On Monday, Rep. Sylvia Garcia (D-TX) and Rep. Joaquin Castro (D-TX) called upon ICE to release detainees and improve conditions ICE detention centers as COVID-19 cases continue to increase. Since early 2020, the pandemic has taken the lives of nearly 120,000 Americans. States like Texas and Arizona house approximately 40 immigration detention centers, and are experiencing a surge in reported cases of COVID-19 and hospitalizations.

After visiting detention centers in Texas, Garcia and Castro spoke with reporters to detail the conditions they observed. Castro, who likened the centers to “petri dishes,” asserted that ICE “barely lifts a finger to make sure that these folks are safe.” Garcia similarly questioned ICE’s commitment to taking the precautions needed to avoid a severe health crisis within its centers. Garcia told reporters that while detainees have been able to make use of the masks they were provided with two weeks ago, the crowded conditions in which they live have not been conducive to proper social distancing.

Other spaces that require individuals to live in close quarters, including prisons and nursing homes, have been the subject of scrutiny as the pandemic has ravaged the United States. Many of these spaces – particularly nursing homes – have been required to develop systems that increase the capacity to test large numbers of staff members and individuals. However, this has not been the case in immigration detention centers.

ICE was ordered by the U.S. District Court for the Central District of California in April to release minors. This decision came after leaked images and stories revealed the centers’ failure to properly contain cases, handle testing, and disseminate information to detainees about virus prevention. However, cases have continuously risen in detention centers, and particularly in those located in the southwestern region.

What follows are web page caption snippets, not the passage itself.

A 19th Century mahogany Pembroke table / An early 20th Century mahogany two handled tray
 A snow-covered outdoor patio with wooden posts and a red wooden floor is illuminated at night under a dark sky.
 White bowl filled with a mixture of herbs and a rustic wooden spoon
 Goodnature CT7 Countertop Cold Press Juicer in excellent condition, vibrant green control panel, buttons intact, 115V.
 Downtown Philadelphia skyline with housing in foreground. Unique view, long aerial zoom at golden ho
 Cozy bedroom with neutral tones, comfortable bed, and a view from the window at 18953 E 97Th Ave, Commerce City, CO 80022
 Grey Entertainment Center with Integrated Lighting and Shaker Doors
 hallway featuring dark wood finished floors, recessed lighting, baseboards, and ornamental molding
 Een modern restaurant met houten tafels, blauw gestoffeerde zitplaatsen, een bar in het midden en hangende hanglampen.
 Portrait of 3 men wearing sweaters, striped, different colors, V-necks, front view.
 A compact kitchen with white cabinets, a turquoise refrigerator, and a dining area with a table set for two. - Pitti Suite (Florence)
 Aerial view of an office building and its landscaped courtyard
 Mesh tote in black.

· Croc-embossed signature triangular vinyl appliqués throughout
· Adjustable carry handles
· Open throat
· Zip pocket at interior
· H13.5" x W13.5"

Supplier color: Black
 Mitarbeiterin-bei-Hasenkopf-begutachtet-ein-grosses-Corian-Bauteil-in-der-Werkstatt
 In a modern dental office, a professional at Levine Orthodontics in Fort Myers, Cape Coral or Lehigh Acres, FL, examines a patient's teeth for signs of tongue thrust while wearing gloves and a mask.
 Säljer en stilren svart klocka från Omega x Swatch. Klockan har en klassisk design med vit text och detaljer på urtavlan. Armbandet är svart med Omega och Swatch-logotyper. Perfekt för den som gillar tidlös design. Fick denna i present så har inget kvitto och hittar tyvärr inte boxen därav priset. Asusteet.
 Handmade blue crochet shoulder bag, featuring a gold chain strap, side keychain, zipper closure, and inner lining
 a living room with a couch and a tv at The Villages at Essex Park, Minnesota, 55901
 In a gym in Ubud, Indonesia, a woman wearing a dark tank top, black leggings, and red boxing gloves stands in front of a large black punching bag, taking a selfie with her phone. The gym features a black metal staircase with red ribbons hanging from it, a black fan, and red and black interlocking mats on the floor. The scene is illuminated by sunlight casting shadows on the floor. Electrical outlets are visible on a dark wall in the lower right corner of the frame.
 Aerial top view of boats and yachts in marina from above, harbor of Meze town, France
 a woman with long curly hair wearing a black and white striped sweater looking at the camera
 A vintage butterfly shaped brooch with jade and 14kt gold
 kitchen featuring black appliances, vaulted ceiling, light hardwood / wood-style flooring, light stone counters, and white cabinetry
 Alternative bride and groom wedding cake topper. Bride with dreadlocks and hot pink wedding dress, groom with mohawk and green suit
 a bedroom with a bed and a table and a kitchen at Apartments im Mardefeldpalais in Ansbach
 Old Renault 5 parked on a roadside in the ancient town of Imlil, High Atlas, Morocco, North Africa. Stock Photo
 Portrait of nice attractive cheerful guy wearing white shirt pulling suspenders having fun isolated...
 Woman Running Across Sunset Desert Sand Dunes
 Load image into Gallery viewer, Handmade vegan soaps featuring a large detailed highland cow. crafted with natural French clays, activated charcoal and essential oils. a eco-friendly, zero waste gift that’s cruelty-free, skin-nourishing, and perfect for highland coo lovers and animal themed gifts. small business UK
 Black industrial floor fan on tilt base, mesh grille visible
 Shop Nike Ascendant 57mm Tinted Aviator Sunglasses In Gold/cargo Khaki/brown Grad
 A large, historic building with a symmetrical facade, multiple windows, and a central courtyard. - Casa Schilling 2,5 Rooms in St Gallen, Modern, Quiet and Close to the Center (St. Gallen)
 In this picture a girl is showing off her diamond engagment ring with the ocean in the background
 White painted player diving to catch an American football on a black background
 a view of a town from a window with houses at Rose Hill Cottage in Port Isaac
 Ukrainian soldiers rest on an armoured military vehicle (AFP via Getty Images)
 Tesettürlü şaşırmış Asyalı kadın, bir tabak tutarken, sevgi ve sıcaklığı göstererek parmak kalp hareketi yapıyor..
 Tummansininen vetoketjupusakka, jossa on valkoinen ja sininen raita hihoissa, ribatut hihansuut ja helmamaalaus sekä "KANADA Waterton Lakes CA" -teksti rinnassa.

An NBC News report found that by late May, cases had risen sharply in detention centers nationwide, including those located near Haskell and Pearsall, Texas. Frio County, in which Pearsall is located, reported that 90% of its documented COVID-19 cases were diagnosed in immigrants held in detention centers.

Castro made note of the fact that the White House has not issued guidance that requires ICE to properly test staff members and detainees for COVID-19. Moreover, Castro told reporters that just one detention center possesses a testing machine and, as a result, shares this machine with other centers.

ICE has not acknowledged the troubling findings regarding its testing capacity or conditions in detention centers. It also has not addressed calls to release migrants to reduce potential outbreaks. As of Monday, ICE reasserted the fact that it tests individuals on a “case-by-case basis,” and claimed that “the agency’s top priority is to provide the health, welfare, and safety of the residents and detainees in custody.”